::: RECORDS FOR THIS TASK

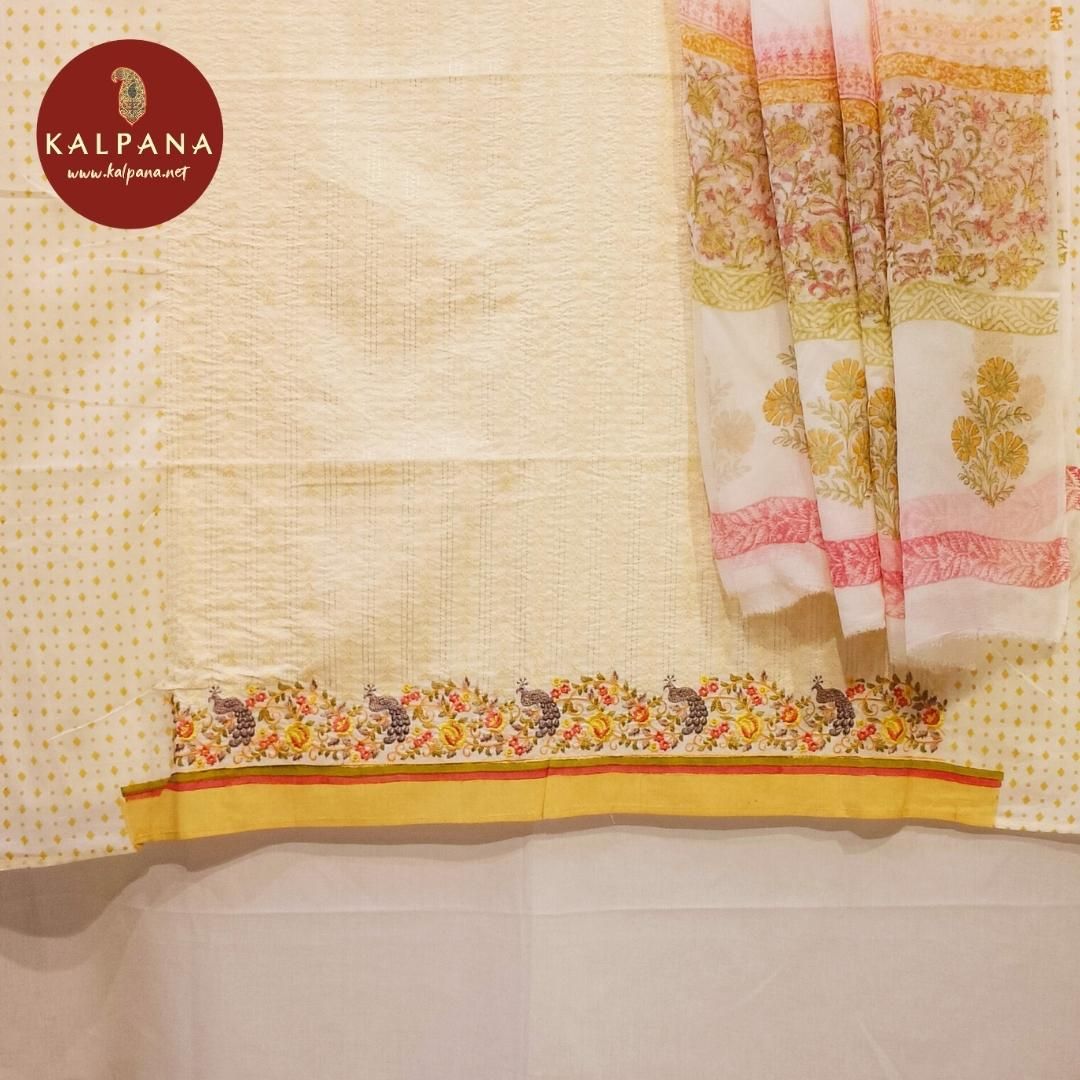 Shirt: Light Tussar Beige Coloured Resham Work Machine Work Pure Cotton Unstitched Suit with All Over Jaal and Embroidered Border..
Dupatta: Self Matched Light Tussar Beige Color Printed Georgette Dupatta with Printed Border.
Salwar: Light Tussar Beige Cotton.
Perfect for Semi Formal Wear.
Recommended for Summer season(s). Dry Clean Only
Shirt Fabric: 2.5 mts
Salwar Fabric: 2.4 mts
Dupatta: 2.4 mts
Country Of Origin:India
Weight: 450 gms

::::::

* WHAT TO WORK ON
A faithful copy is required of the lines from the one with "Dupatta: 2.4 mts" through the last line of the data; please add nothing.

* WRITTEN SOLUTION
Dupatta: 2.4 mts
Country Of Origin:India
Weight: 450 gms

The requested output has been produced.